Upcoming Event: Seminar
Steve Pressé, Arizona State University
3:30 – 5PM
Friday Sep 12, 2025
POB 4.304
In the Natural Sciences we are often confronted with complex data and little prior intuition about the correct underlying model to be parametrized from this data. In this talk, I will highlight how Bayesian nonparametric methods—in particular Beta-Bernoulli process and related stochastic process priors—can be leveraged for tracking applications. This framework allows us for the first time to perform reliable tracking in crowded environments where classical approaches break down. I will also discuss the limits of parametric modeling. Motion models beyond ordinary diffusion—commonly reported in the single-molecule literature—prove extremely difficult to distinguish from experimental noise when inferred from optical data. Our analysis raises serious doubts about many claims of anomalous diffusion and other parametric models recovered from biophysical contexts. In the same spirit I will present failure modes of hidden Markov models when applied to physical systems showing how their restrictive assumptions can lead to misleading conclusions. Together these examples underscore both the power of the Bayesian nonparametric paradigm and the risks of relying too heavily on parametric simplifications in data-rich physical sciences.

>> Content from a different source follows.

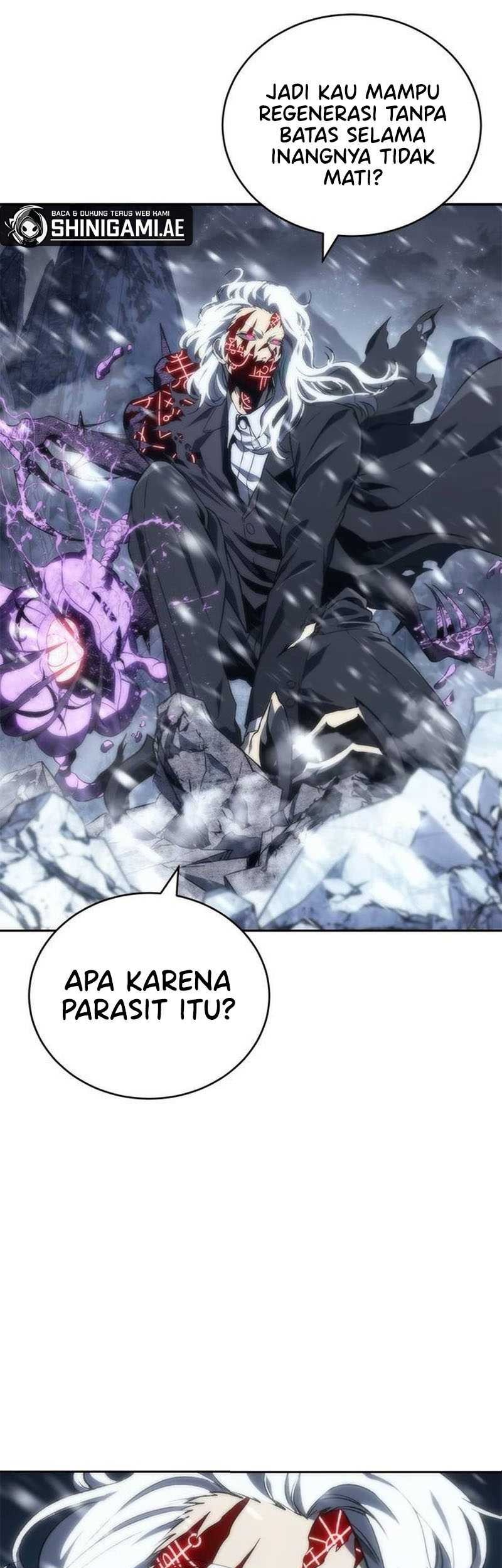 Chapter 11 - halaman 79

Steve Pressé was born in Montreal and went to McGill University as an undergrad where he studied chemistry. He later pursued his doctorate in chemical physics at Massachusetts Institute of Technology (MIT) under the direction of Professor Robert J. Silbey. As a postdoctoral fellow in Professor Ken A. Dill’s lab, his research focus shifted to biophysics and dynamical processes in particular. He is now a professor at Arizona State University with dual appointment in both the physics and chemistry departments. His lab now uses both theory and experiments to address fundamental questions relevant to molecular science.